Mataio rolled onto his side and considered the jobs he might have been doing—a past-time he often indulged in before sleep. He’d be working a dead-end job as someone’s hand, maybe even still working fast food restaurants or labouring somewhere. He doubted he’d have finished school. At fifteen he’d only been interested in surviving to make enough money to enjoy himself. Life had been for living in the moment. He could still remember the feeling of excitement that something big was coming. A whole life to be lived that was his. Where his father had no influence and where he didn’t have to feel indebted to his aunt and uncle day and night. A weight would be lifted when he turned eighteen and could take responsibility for himself. How funny to think that could have been his life.
Thirty-six days to go—the day would be here soon enough, but he felt no anticipation or excitement about having his life back or the changes ahead.
He reached under the mattress for the worn note pad and pulled the pen from the spiral binding.
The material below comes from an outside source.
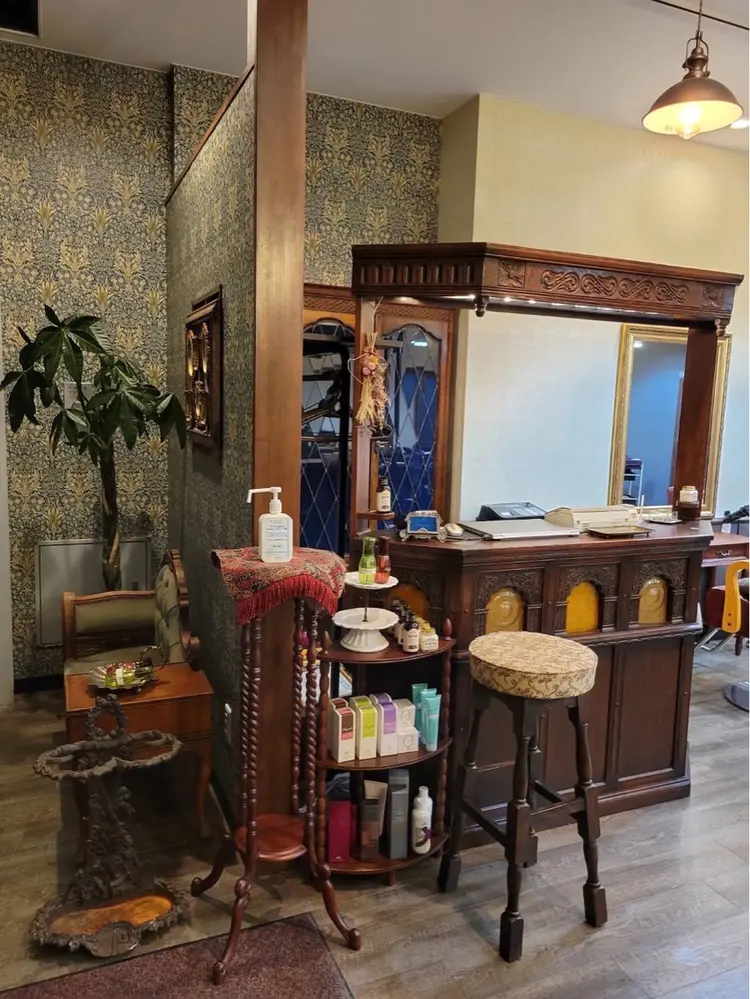 Hair design merciの内観・外観1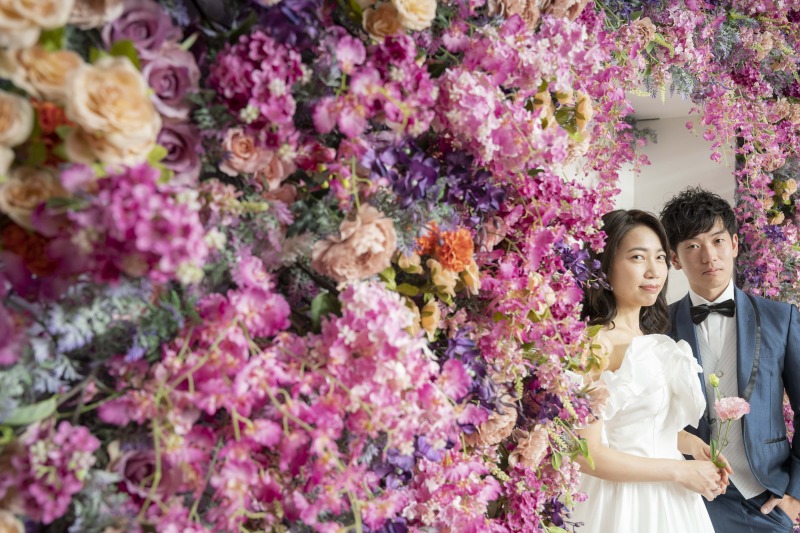 フラワーウォールに溶け込む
On the top of a blank sheet he wrote the month and year, then spent the next twenty minutes listing how he’d complied with The Rules under ten separate headings. Rule No. 2 Protect the Family had been easy to fill with a clear conscious this month. Others, like Rule No 3. No Pleasure, a little harder. Eating his aunt’s food had been necessary, but he ate as little as possible. Rule No. 5 Never Tell once again, the easiest to follow. With no friends, there were no questions. Rule No. 7 No Sex. There was no-one he’d had to reject this month. No feelings to hurt. He simply wrote, ‘none’ beside the number.
Once finished, he felt around under the mattress for an envelope, addressed it and sat it beside his bed to post tomorrow. He pushed the note pad away, closed his eyes and felt his body release to sleep.